Look for "Disney Animator's Collection" in the entries below. Then write out exactly the line that holds it and every line after it, to the last, and nothing else.

Material provided –

- - - - -

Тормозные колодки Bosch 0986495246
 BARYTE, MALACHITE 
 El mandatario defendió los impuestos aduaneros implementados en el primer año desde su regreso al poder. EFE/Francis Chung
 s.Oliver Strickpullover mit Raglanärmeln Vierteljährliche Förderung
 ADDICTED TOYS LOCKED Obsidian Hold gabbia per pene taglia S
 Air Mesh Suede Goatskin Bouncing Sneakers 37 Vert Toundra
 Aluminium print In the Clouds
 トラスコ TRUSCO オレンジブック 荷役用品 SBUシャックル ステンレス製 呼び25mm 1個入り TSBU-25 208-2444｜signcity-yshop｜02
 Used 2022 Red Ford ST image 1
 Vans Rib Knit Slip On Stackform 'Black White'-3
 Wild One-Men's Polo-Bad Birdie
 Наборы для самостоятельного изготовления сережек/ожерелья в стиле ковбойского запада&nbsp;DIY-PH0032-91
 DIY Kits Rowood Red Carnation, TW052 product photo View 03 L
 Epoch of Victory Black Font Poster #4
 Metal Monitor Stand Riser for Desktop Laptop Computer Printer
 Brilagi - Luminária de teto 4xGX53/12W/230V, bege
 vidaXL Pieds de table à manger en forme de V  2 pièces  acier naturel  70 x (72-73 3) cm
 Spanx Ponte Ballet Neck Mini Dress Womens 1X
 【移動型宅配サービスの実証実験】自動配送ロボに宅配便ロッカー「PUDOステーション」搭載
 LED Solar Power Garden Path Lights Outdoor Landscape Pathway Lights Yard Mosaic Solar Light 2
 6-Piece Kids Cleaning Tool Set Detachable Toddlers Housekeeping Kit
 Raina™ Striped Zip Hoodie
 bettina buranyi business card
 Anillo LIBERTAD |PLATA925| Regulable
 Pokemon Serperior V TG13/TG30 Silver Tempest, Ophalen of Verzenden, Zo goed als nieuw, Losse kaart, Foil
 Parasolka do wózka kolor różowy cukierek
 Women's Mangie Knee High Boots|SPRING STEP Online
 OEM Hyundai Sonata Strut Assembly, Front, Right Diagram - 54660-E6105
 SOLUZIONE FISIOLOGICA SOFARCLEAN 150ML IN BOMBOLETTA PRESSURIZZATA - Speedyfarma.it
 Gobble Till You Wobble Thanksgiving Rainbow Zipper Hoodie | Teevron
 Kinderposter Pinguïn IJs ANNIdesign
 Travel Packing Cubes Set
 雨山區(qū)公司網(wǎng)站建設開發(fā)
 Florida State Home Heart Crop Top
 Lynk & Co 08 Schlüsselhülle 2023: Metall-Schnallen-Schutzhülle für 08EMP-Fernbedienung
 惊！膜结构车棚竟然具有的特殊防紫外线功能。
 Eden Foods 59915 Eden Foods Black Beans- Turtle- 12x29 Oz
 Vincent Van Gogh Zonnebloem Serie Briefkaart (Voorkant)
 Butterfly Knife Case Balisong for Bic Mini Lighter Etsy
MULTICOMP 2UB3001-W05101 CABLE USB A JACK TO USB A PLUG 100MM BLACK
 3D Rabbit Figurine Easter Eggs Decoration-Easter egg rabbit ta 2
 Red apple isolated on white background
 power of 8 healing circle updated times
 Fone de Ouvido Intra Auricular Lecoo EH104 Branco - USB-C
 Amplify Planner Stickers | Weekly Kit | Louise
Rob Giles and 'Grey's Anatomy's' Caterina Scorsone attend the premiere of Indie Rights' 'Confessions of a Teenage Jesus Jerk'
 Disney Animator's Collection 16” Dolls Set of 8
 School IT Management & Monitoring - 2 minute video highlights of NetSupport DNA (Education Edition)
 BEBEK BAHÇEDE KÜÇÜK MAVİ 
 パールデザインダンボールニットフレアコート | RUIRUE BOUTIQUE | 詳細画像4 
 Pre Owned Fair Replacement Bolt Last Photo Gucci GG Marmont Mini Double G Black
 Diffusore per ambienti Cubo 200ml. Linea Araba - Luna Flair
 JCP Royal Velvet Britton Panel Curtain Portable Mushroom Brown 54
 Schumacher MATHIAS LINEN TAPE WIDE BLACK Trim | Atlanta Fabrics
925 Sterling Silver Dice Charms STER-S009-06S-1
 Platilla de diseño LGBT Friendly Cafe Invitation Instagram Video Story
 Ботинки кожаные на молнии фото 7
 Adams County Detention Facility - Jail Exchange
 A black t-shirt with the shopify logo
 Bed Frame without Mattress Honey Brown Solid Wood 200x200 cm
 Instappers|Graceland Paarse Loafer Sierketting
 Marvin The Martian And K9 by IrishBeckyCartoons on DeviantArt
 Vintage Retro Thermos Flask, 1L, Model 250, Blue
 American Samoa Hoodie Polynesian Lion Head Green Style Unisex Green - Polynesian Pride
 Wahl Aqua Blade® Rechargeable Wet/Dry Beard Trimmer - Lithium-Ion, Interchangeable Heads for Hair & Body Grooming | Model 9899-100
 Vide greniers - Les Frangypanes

- - - - -

Task result –
 Disney Animator's Collection 16” Dolls Set of 8
 School IT Management & Monitoring - 2 minute video highlights of NetSupport DNA (Education Edition)
 BEBEK BAHÇEDE KÜÇÜK MAVİ 
 パールデザインダンボールニットフレアコート | RUIRUE BOUTIQUE | 詳細画像4 
 Pre Owned Fair Replacement Bolt Last Photo Gucci GG Marmont Mini Double G Black
 Diffusore per ambienti Cubo 200ml. Linea Araba - Luna Flair
 JCP Royal Velvet Britton Panel Curtain Portable Mushroom Brown 54
 Schumacher MATHIAS LINEN TAPE WIDE BLACK Trim | Atlanta Fabrics
925 Sterling Silver Dice Charms STER-S009-06S-1
 Platilla de diseño LGBT Friendly Cafe Invitation Instagram Video Story
 Ботинки кожаные на молнии фото 7
 Adams County Detention Facility - Jail Exchange
 A black t-shirt with the shopify logo
 Bed Frame without Mattress Honey Brown Solid Wood 200x200 cm
 Instappers|Graceland Paarse Loafer Sierketting
 Marvin The Martian And K9 by IrishBeckyCartoons on DeviantArt
 Vintage Retro Thermos Flask, 1L, Model 250, Blue
 American Samoa Hoodie Polynesian Lion Head Green Style Unisex Green - Polynesian Pride
 Wahl Aqua Blade® Rechargeable Wet/Dry Beard Trimmer - Lithium-Ion, Interchangeable Heads for Hair & Body Grooming | Model 9899-100
 Vide greniers - Les Frangypanes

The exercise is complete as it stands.